James Vincent McMorrow, Post Tropical
Last winter, James Vincent McMorrow released his sophomore album, a beautiful collection of songs about light and dark, warmth and cold and the stagnancy that sticks in between. Compared to McMorrow’s first album, the sound is quite different. Early in the Morning, released in 2011, relied heavily on acoustic guitars. On Post Tropical we hear drums and synths that open tracks and gorgeous layers of harp and sweeping horn arrangements that carry the choruses through. But perhaps the greatest delight in Post Tropical is that it sounds the same and different with every listen. It’s really all we can hope for during the cold slog of winter: though it seems never-ending, we hope to find something new to believe in to get us through.
Robert Ellis, The Lights from the Chemical Plant
It’s amazing what moving to a new city and a haircut can do. In 2012, Robert Ellis moved from Houston to Nashville and shortly thereafter cut his Willie Nelson-length locks. His third studio album, The Lights From The Chemical Plant, came out last February and is one of the year’s best. The dark but sexy Good Intentions is the perfect upbeat track to sing along with, without ever passing into the cliche country song category. And as an added plus, there’s no mention of pickup trucks or blue jeans. Robert Ellis 1, Popular Country Music 0. Add in a track Ellis co-wrote with Dawes’ Taylor Goldsmith, a cover of a Paul Simon classic, and a tune about binge-watching TV and you’ve got something for everyone.

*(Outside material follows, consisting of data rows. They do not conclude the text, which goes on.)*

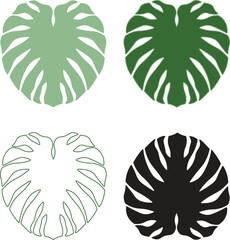 Monstera Leaf Detailed Illustration – Tropical Green Botanical Split Leaf Vector Art © Md.Nazmul Haque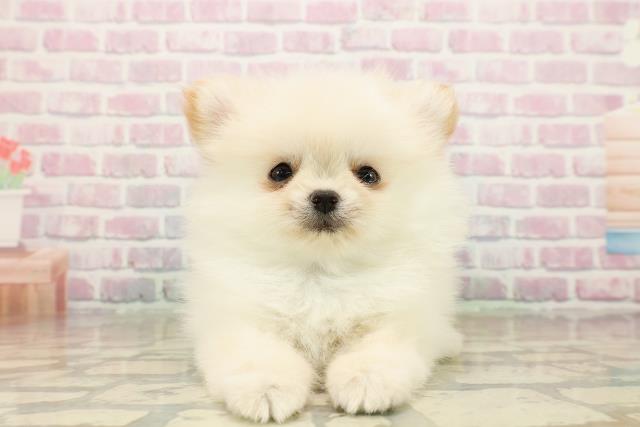 北海道のポメチワ/チワポメ/ポメチー(ポメラニアン×チワワ) (Coo&RIKU函館店/2025年9月25日生まれ/男の子/クリーム)の子犬の1枚目の画像
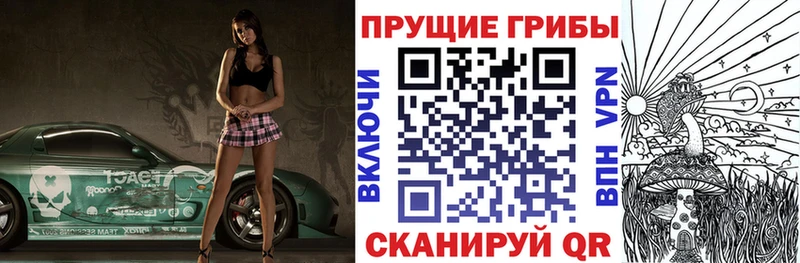 где купить наркоту  Южно-Сахалинск  Псилоцибиновые грибы ЛСД 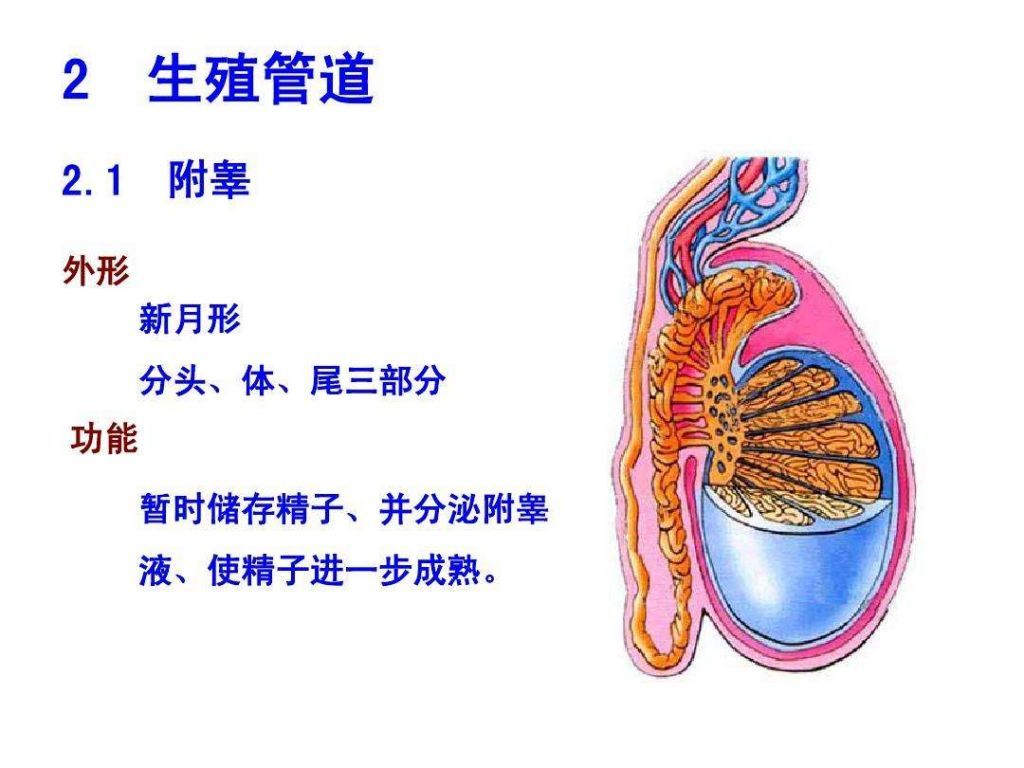 泌尿系统在哪(泌尿系统在哪个位置图)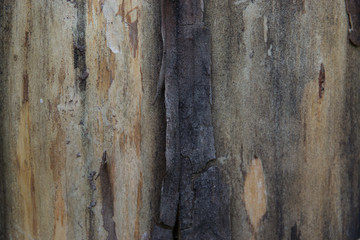 Obraz premium Beautiful Tree Crust Texture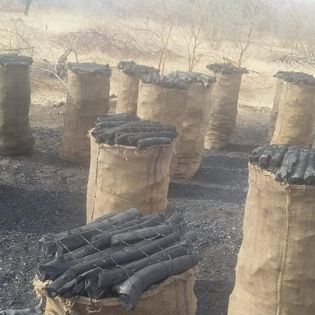 فحم غابات السودان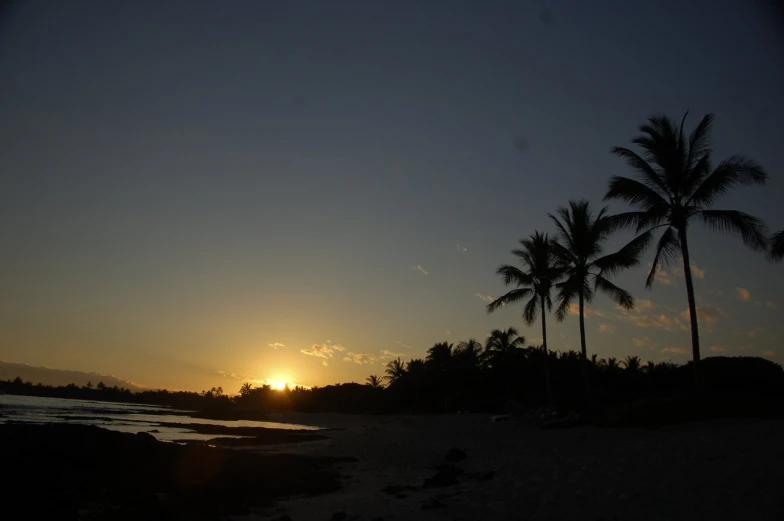 palm trees are shown in silhouette on the beach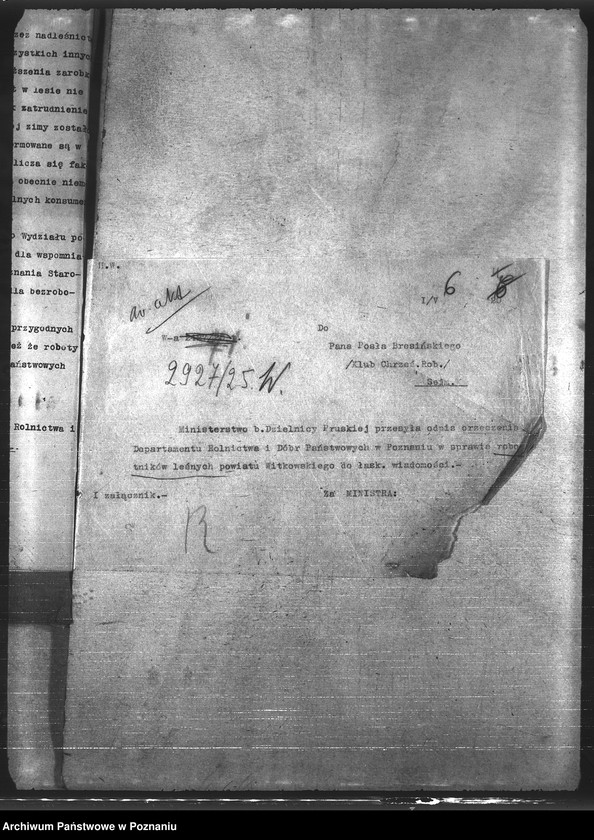 Obraz 10 z jednostki "Leśnictwo"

The War on Drugs, Lost in the Dream
Listen to The War on Drugs’ latest album, Lost In the Dream, and you’ll be hooked in less than one minute, guaranteed. An absolutely gorgeous, ambitious and sprawling album, Lost In the Dream is the band’s best work. Full of atmospheric drum beats and synths, it’s an album that is as mind blowing on its first listen as it is on the 30th. Four of the tracks are over six-minutes long, but listening never feels like a chore. Lost In the Dream is such a beautiful place to be.
Field Report, Marigolden
Field Report’s second full-length album Marigolden was released in October and is a tremendously well-written set of songs about sobriety, traveling and homecomings. The album is anchored by lead singer Chris Porterfield’s wavering voice and exceptional songwriting. There are so many lines and phrases that provide beautiful imagery to bring his stories alive. In Pale Rider, a song inspired by an episode of Six Feet Under, Porterfield assures us – with equal parts grief and calm – that he can’t be “your place to go or what you need.” It’s an album that you’ll want to enjoy line by line, chorus by chorus, and track by track. Never have synths and pedal steel sounded so great together.
When Take Me To Church started making the rounds in early 2014, not many had heard of Andrew Hozier-Byrne, a lanky and long-haired Irish singer and songwriter. And while the opening track is one of 2014’s best songs, it’s the variety on his self-titled release that makes it such a great listen. There’s jam-worthy guitars on the blues track Jackie and Wilson, but there’s a depth to Hozier’s lyrics and music as well. None more apparent than In A Week, a ballad about two lovers buried in the earth, a beautiful and depressing track oddly reminiscent of a Seamus Heaney poem. As Hozier remarks in From Eden, “babe, there’s something tragic about you, something so magic about you.” This album is wretched and precious, indeed.